Il tutto, ai fini del rapido riconoscimento della prestazione infortunistica. Infatti, in mancanza di pattuizioni contrattuali relative al luogo di lavoro, diventa necessario effettuare specifici accertamenti per la verifica (in caso di sinistro o infortunio del lavoratore presso un indefinito luogo esterno all’azienda) della sussistenza dei presupposti fissati dal legislatore per accordare la tutela, e per l’accertamento che la prestazione svolta al momento dell’evento infortunistico sia strettamente correlata a quella lavorativa.
Al contempo, lo smart working non impatta in alcun modo sulla retribuzione imponibile ai fini del calcolo del premio assicurativo, attesa l’illiceità di ogni e qualsiasi discriminazione normativa (in termini di diritti dei lavoratori), o retributiva tra lavoratori “interni” ed “esterni”.
Quali sono gli ulteriori adempimenti obbligatori per l’impresa che adotta lo smart working?
Oltre all’obbligo di assicurare la tutela infortunistica ai fini INAIL, l’imprenditore è altresì tenuto a:
- comunicare, ex L. 608/1996 ed utilizzando la piattaforma informatica istituita presso il portale del Ministero del Lavoro e delle Politiche Sociali, il momento in cui il lavoratore opera in modalità smart working;
- approntare strumenti tecnologici e misure di sicurezza informatica, anche in un’ottica di protezione dati, a tutela dei dati aziendali trattati con i device aziendali e personali in uso ai lavoratori quali ad es. connessione da remoto sicura ai sistemi aziendali, presenza e aggiornamento dei software e di sistemi di intrusion detection, back-up, disaster recovery, stante l’utilizzo necessitato altresì di strumenti di collaborazione a distanza (condivisione file, conference call, ect.) che garantiscano altresì la privacy del lavoratore.

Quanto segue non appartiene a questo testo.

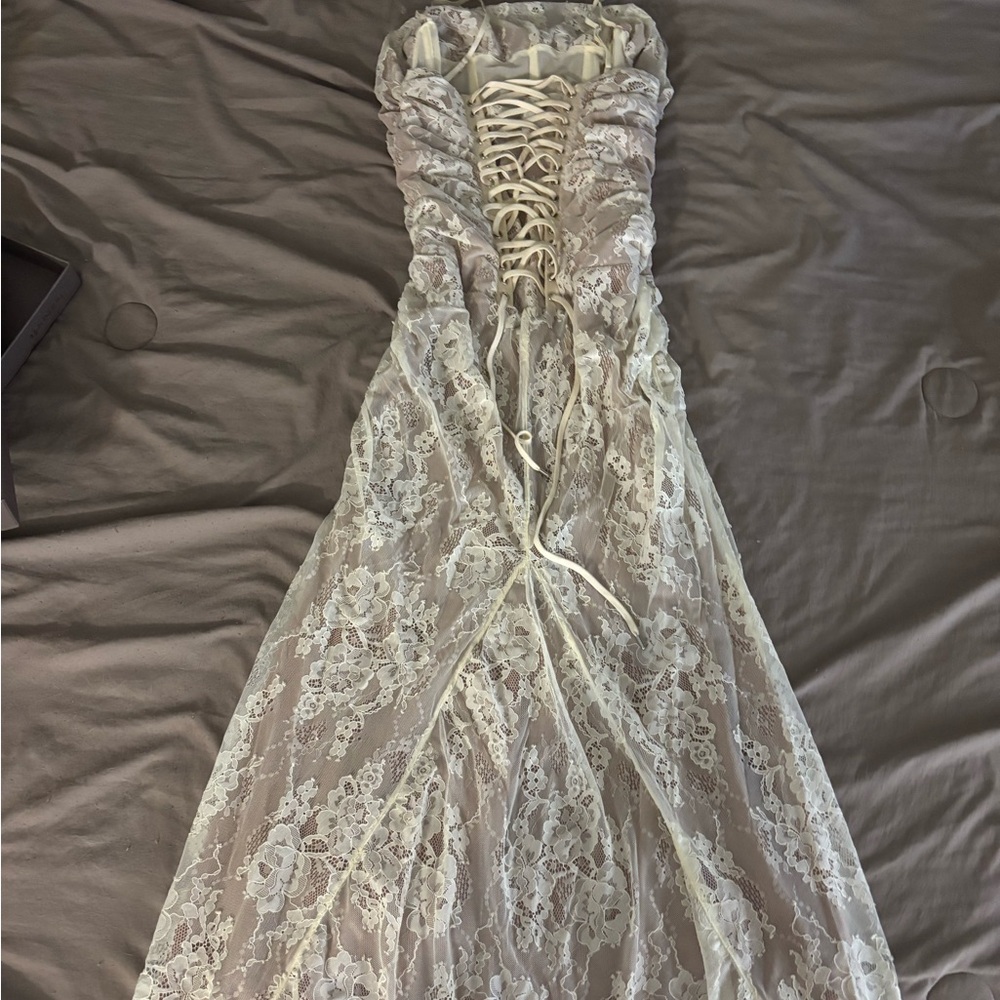 House of CB Cream Lace Maxi Dress - Picture 3 of 9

Quali sono i vantaggi per l’imprenditore? Innumerevoli e rilevanti!!
- Innanzitutto, l’opportunità di rivedere l’organizzazione aziendale per garantire la continuità di lavoro anche in situazioni di emergenza come quelle emerse in questi mesi. Inoltre, quella di impostare tutta l’organizzazione su obiettivi, favorendo tempi di reazione tempestivi e procedure per l’adozione delle decisioni snelle, realizzabili anche attraverso collaboratori opportunamente formati e motivati, oltre che adeguatamente responsabilizzati, anche nello scegliere luoghi di esecuzione dell’attività in linea con le politiche aziendali, sia in materia di salute e sicurezza sul posto di lavoro, che di rispetto di tutte le norme sulla privacy e sulla protezione dei dati (anche e soprattutto aziendali).
- Il risparmio di costi di riscaldamento, luce, buoni pasto, canoni di locazione di spazi non più necessari con le moderne modalità di svolgimento del lavoro, incluse sale riunioni e uffici dirigenziali, di consumo di attrezzature aziendali, di viaggio, di indennità di trasferte etc.
- La possibilità di accedere a finanziamenti pubblici, nazionali o locali, per l’acquisto di servizi di consulenza e formazione finalizzati all’adozione di un piano di smart working aziendale e/o per l’acquisto di strumenti tecnologici per l’attuazione di detto piano, in particolare per la sicurezza informatica.